All change at the top (again!)
The tumultuous period of political instability that has recently characterised UK politics finally seems to have calmed down a little. Government ministers have been seemingly playing a game of musical chairs through a series of cabinet reshuffles. Mercifully, the music appears to have stopped for now at least!
It is worth considering the environmental credentials of those now tasked with leading the UK’s response to the waste management problems we face, and what items are sitting at the top of the environmental in tray….
A minister of state experienced in environmental matters
Newly appointed by prime minister Rishi Sunak, environment secretary Thérèse Coffey has three years’ previous experience within the Department for Environment, Food and Rural Affairs (Defra) where she now leads. Two recycling industry trade bodies responded positively to the appointment.

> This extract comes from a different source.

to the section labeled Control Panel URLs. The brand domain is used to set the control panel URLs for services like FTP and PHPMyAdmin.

Jacob Hayler, executive director of the Environmental Services Association (ESA), and a spokesperson for the Chartered Institution for Wastes Management (CIWM) welcomed her to the new position.

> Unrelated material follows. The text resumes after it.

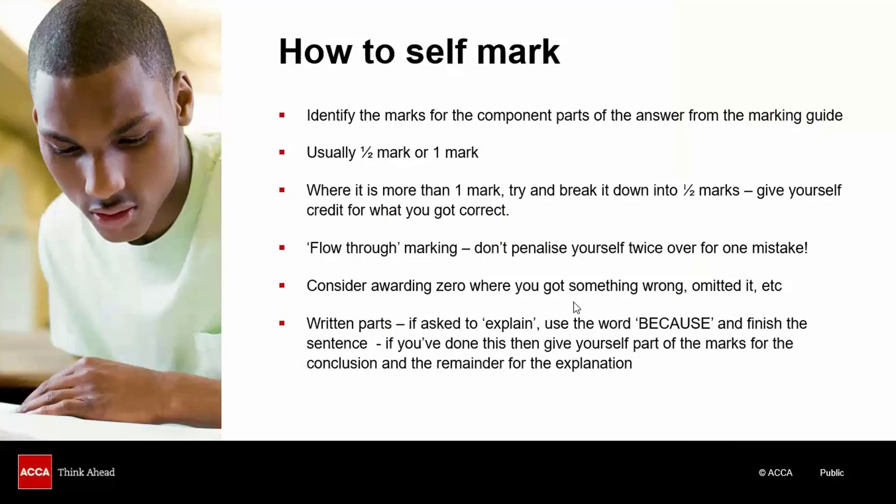Let's get started then. We're going to look at one 15 mark taxation question. It's got both written and computational aspects to it, and we're going to show you how to mark the answer for yourself. We're not aiming in this video to teach you tax technical points. So the actual technical content of the question that we're going to look at is not really important. Rather, we're trying to give you guidance by showing you an example answer and how it might be marked so you can award marks on your own answers.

The new environment minister has significant experience of some key elements within her brief. She played a key role in developing the resources and waste strategy in Theresa May’s government under the then environment minister, Michael Gove. She also recognises the logic of the circular economy.
Some ambiguity but a cause for hope
Prime minister Rishi Sunak is somewhat different and his support for green policies may be read as a little ambiguous. His support for the green agenda can be seen in his backing of initiatives such as domestic clean energy, vehicle charging points, investment in fledgling green energy technologies and sustainable farming practices.
Despite this, according to reports, in his role as chancellor, he blocked several policies that could be labelled ‘green’. This includes delaying the Heat and Buildings Strategy, as well as preventing home insulation policies and spending on new infrastructure. However as chancellor, he may have been focused on the financial impact of such measures.
Despite the prime minister’s somewhat inconsistent credentials, the new environment minister’s familiarity with environmental matters gives is a cause for hope to those who want to see us make faster progress towards a greener society.
The top of the environmental legislation in tray…
Across the UK there is a need to drive through important environmental reforms. These are key pieces of Defra’s Resources and Waste Strategy and are pivotal for addressing the inconsistency in household and business recycling.
- EPR – Extended Producer Responsibility for packaging. This week, in response to the EPR consultation, which will see producers made responsible for the packaging they place on the market, Defra published a draft EPR statutory instrument.
- The EPR mechanism is quite complex, but in essence the overarching objective of reducing waste from packaging aims to provide a fair deal for producers, who will in effect be paying local authorities to collect packaging for recycling.
- DRS – Deposit Return Scheme. The much anticipated DRS for drinks containers appears to be moving slower than EPR. All four UK nations have announced plans to introduce a DRS for beverage containers by 2025, with Scotland launching the scheme in 2024.
- Scotland and Wales will include aluminium, glass, plastic and steel containers in their DRS systems, but England and Northern Ireland will exclude glass. Drinks cartons are a significant element of waste, however, despite pressure from MPs, Defra says it “does not currently have plans” to include cartons in England’s deposit return scheme (DRS).
- To give this some context, carton packaging is already successfully included in DRS systems around the world, including in Canada and in Australia, where the systems have supported an increase in collection rates to 75% and 70% respectively.
Moving forward, COP27 may have set the tone for the overarching ambitions of meeting the challenges of climate change. However overwhelming and daunting the ultimate objectives may seem, such as limiting the increase in global temperature, it is megalithic – built from individual stones like EPR and DRS.
As a nation, we need to make sure that amidst all the distractions and the many moving parts of our globalised world, we are not diverted from the pressing need to take the relatively small steps that help preserve our planet.